Episode 104 with guest Cheryl O'Neil
by
Zach Dunn
Published on

Listen as Robin’s Zach Dunn chats with Cheryl O'Neil, a workplace strategist at Herman Miller, the iconic office and furniture design company founded back in 1905. We talk about how planning for office changes evolved in recent years, activity based work and how to manage all this change.

Cheryl O'Neil: I don't see the office going away, but I think it needs to be better than it was to serve the needs that have really risen and come to be acceptable around, work doesn't just take place in the office going forward.

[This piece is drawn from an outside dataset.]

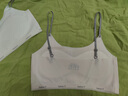 古今（GUJIN）女童內衣發(fā)育期小學(xué)生初中生女孩吊帶小背心大童兒童少女文胸 曬單實(shí)拍圖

Zach Dunn: Welcome to In The Works, a podcast with people who are building what the next era of work in the workplace looks like. I'm Zach Dunn, co-founder and head of customer experience at Robin. This episode, I talked to Cheryl O'Neil, a workplace strategist at Herman Miller, the iconic office and furniture design company founded back in 1905. We talked about how planning for office changes evolved in recent years, introducing activity based work and how to bring together key departments from across the board to make these changes possible. I'll let Cheryl take it from here. When you are asked to come in for a client today, what are the problems that you're seeing show up, and what are the approaches that you've found useful in getting people up to speed?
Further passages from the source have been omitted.